When I sorta squinted at it and cocked an eyebrow, the owner just laughed, said that he had a couple old Euro guys that still kept a hand in, and the shaper allowed them to do jobs that would have otherwise been difficult, impossible, or simply cost way too much in custom tooling. He stated outright, that the shaper earned every bit of it's floor space required, and paid well enough that it wasn't going anywhere anytime soon! Putting the lie, to the old saw, that you can make anything on a shaper except money! LOL!
Most of the jobs were keyways and slots in VERY large pieces of Process Equipment for the oil industry.
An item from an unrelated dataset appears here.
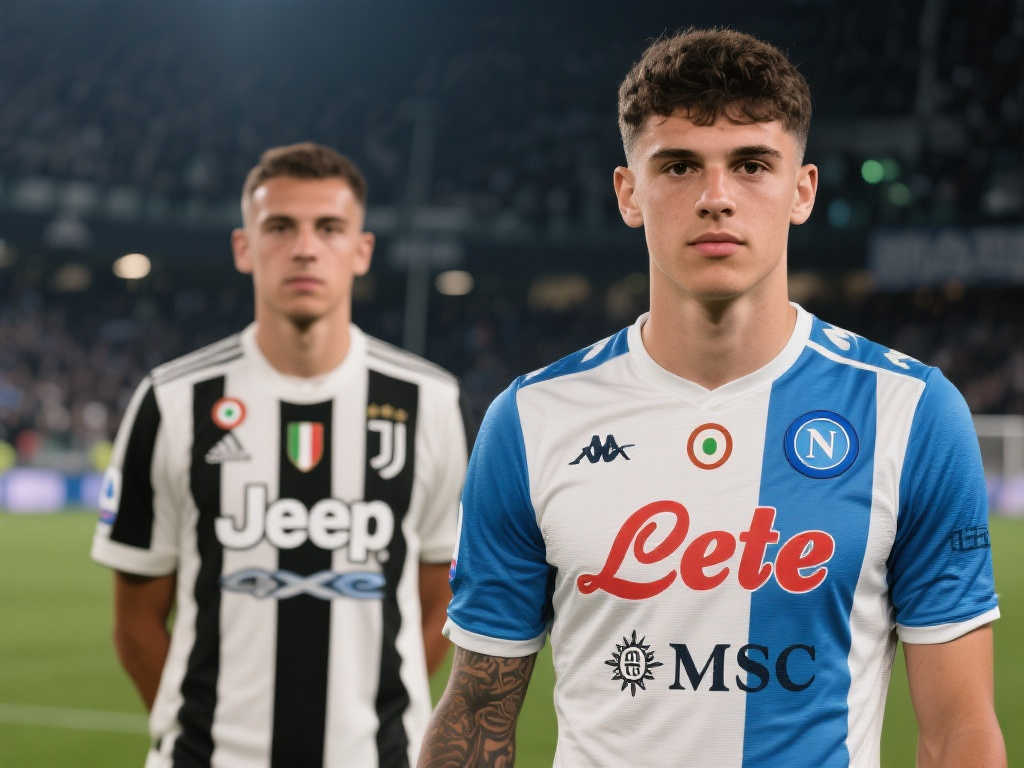 贝洛蒂不仅 贝洛蒂不仅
The big ones are out there, and if you shop well, can be got for pretty cheap, as long as you have the means to pick one up and move it. A friend got a 36 inch stroke shaper from a Railway shop, for about as much as it cost him in time and gas to get it home (which wasn't much!).
FWIW, I have an Aamco, had a South Bend 7 inch too, gave it to a shaper-less friend. I dunno if I erred in giving away the South Bend, but, WTH, it came to me for free, I gave it away for exactly twice what I paid, eh? The Aamco has a phenolic main gear, which, if it's in good shape, runs quieter than the South Bend's metal gear. The Aamco also uses a Vee thread for the feed screws, dead easy to reproduce. On the other hand The SB, has an actual oil pump for internal lube (this one did, IIRC, not all do), and used Acme threads for the feeds (not THAT hard to reproduce). All said, I had the Aamco already, and no attachments to the SB, so I passed it on to a friend. Was a pretty good day's scrounging, that day!